みやこ富士桜

 2014-2015年 南陽市の渡辺氏よりいろいろとお話とご紹介を受けてお話を進めている中で、ただ利益にだけこだわり生きるあり方にとらわれず、人生の美しさを大切にするという教義にふさわしいイメージの桜をいくつか提案させていただいた。みやこ富士桜は、その教義が示すように、成長が遅くてそのままでは木や草に負けて枯れてしまうだろうし、増殖に苦労し商業的価値は低いだろう。数人のマニアならほうがいな費用を出してくれるかもしれないが長続きしないだろう。また、桜のど素人ではほしがったとしても、すぐに枯らしてしまうことだろう。しかし、優良な遺伝子の濃縮体である。みやこ富士桜より生育を旺盛にして花弁を1/3に減らしたら結構元気な桜ができた。お宝にせよ遺伝子にしろ、分相応なところがあるだろう。優良な遺伝子の濃縮体が商業利益を生まないというのは皮肉であるが、農産生物には良くあることだ。

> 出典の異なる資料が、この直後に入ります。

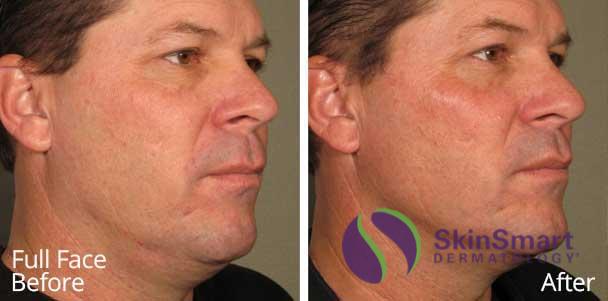 Full Face Ultherapy Before and After Sarasota FL Full Face Ultherapy Before and After Sarasota FL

 花はすこぶるいいとおもう。牡丹のようだ。「(力がなくてはさみで切れない)枝を細くしてくれ」「八重八重とした桜がいい」などとの要望によりそれらの因子を掛け合わせていった結果、枝は細く花は大きい桜が生まれた。交雑系は、鴛鴦富士桜系統と御殿場富士桜系統の雑種で、彼岸桜と兼六園菊桜の血が入っている。
 育成地は山形であったが、栽培地は静岡県富士市である。富士桜にぴったりの土地であったせいで山形では三日と持たない花もここでは一週間くらい咲いている。

 比較的開花期間の短い桜であるし、写真をごらんになってのとおり肥料の状況によって花弁数や花の顔が露骨に変化するタイプである。2009年の花は見事で、以後この花を見て楽しんでいたけれども盆栽のように自分だけ楽しんでも仕方のないものである。この写真をいろいろなお話の場でスライドで見せると歓声が上がる。自分でも天女を山猿が娶ったような気分になれたけれども、放置して葬ってしまうのはとてももったいない桜だった。今までも商業的仕事にかまけてだいぶそんな桜を失ってしまっていたし・・・いつかは、商業的回転から逃れて美しい国日本でみやこ富士桜のように美しい花を集めて育てたいと思うけれど。
 命名は東本願寺の総長猊下にお願いしていただいた。ほとんどの株は出家していただいたので私にほしいと問い合わせても無駄だ。どうせ素人ではすぐにからしてしまう。下手な独占欲に駆られることなく、美しい桜を見せてくれる東本願寺・南陽市に桜の咲くころ見に行ってほしい。